Let's now train our mountain car!

In [4]:

# Custom training loop
max_epoch = 10
step_per_epoch = 10000
keep_n_steps = 30
buffer = ReplayBuffer(size=keep_n_steps)

# Set up collectors
train_collector = Collector(policy, single_env, buffer)
test_collector = Collector(policy, single_env)

#start a logger
logger_a2c = ts.utils.TensorboardLogger(SummaryWriter('log/a2c_cont_custom'))

for epoch in range(max_epoch):
    train_collector.reset()
    for step in range(step_per_epoch):
        # Collect one transition and store it in the buffer
        #train_collector.collect(n_step=1)
        train_collector.collect(n_step=keep_n_steps)

        # Sample the most recent observations from the buffer
        #batch, _ = train_collector.buffer.sample(batch_size=30)
        batch = train_collector.buffer[-keep_n_steps:]

        # Manually convert each field to a torch tensor
        batch.obs = torch.tensor(batch.obs, dtype=torch.float32)
        batch.act = torch.tensor(batch.act, dtype=torch.long)
        batch.rew = torch.tensor(batch.rew, dtype=torch.float32)
        batch.done = torch.tensor(batch.done, dtype=torch.float32)
        batch.obs_next = torch.tensor(batch.obs_next, dtype=torch.float32)

        # Perform A2C learning
        policy.learn(batch)

    # Testing and evaluation
    result = test_collector.collect(n_episode=10, reset_before_collect=True)
    print(f'Epoch #{epoch + 1}: reward = {result.returns.mean()}, loss = {policy.learn(batch)["loss"]}')

    # Log the average reward for the epoch
    logger_a2c.writer.add_scalar("Reward/test_avg", result.returns.mean(), epoch)



Epoch #1: reward = -48.375916737774574, loss = 0.6401092410087585
Epoch #2: reward = -44.70324852508283, loss = -0.218825563788414
Epoch #3: reward = -30.13676958747182, loss = -0.18150193989276886
Epoch #4: reward = -38.4824174600884, loss = -0.321969211101532
Epoch #5: reward = -35.13535820313831, loss = -0.29562821984291077


KeyboardInterrupt: 

Did it learn? Do you see rewards increasing? 

If so let's save the model:

In [5]:
torch.save(net.state_dict(), "models/A2C_mountain_model.pth")

Let's test out the model, and watch what it learnt.

Load in the trained model.

In [6]:
# Initialize a new network with the same architecture
loaded_net = ActorCriticNet(state_shape, action_shape)
loaded_net.load_state_dict(torch.load("models/A2C_mountain_model.pth"))


  loaded_net.load_state_dict(torch.load("models/A2C_mountain_model.pth"))


<All keys matched successfully>

Let's create an environment and build a policy based on our saved model.

In [7]:
# Create the environment for evaluation with rendering enabled
eval_env = gym.make("MountainCarContinuous-v0", render_mode="human")

# Set the loaded network as the model for a new SARSA policy
loaded_policy = A2CPolicy(model=loaded_net, optim=optimizer, action_space=action_space, gamma=0.99)  # Set epsilon=0 for pure exploitation


Now let's run our agent in the environment.

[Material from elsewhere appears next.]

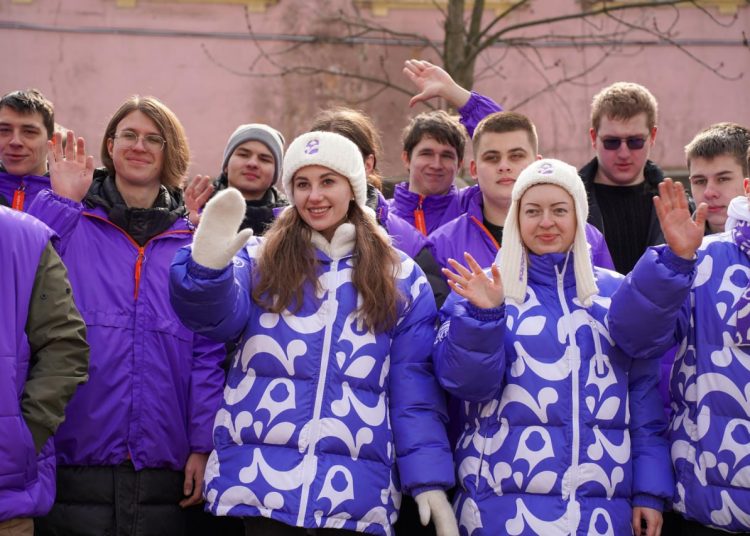 Из Москвы с заботой: Волонтеры доставили 5 тонн гуманитарного груза в ДНР Из Москвы с заботой: Волонтеры доставили 5 тонн гуманитарного груза в ДНР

Note: you can change the number of episodes to watch!

In [8]:

# Set the number of episodes you want to watch
num_episodes = 1

for episode in range(num_episodes):
    obs, _ = eval_env.reset()
    done = False
    total_reward = 0
    
    print(f"Starting episode {episode + 1}")

    while not done:
        # Create a batch for the current observation
        obs_batch = Batch(obs=[obs])
        
        # Get action based on loaded model's Q-values (no exploration)
        action = loaded_policy.forward(obs_batch).act[0]
        
        # Step the environment with the selected action
        obs, reward, done, truncated, _ = eval_env.step(action)
        total_reward += reward

        # Check if the episode has ended
        if done or truncated:
            print(f"Episode {episode + 1} ended with total reward: {total_reward}")
            break  # Break out of the loop to start the next episode


# Close the environment after finishing all episodes
eval_env.close()

Starting episode 1
Episode 1 ended with total reward: -37.1962358648925
Starting episode 2


KeyboardInterrupt: 

**Things to try**

Try changing the environment or changing the hyperparameters:

* **Learning rate** (how fast to learn from new data): too high and the agent might learn sprious correlations between actions and outcomes, too low and it might take the agent for ever to figure what actions lead to good rewards.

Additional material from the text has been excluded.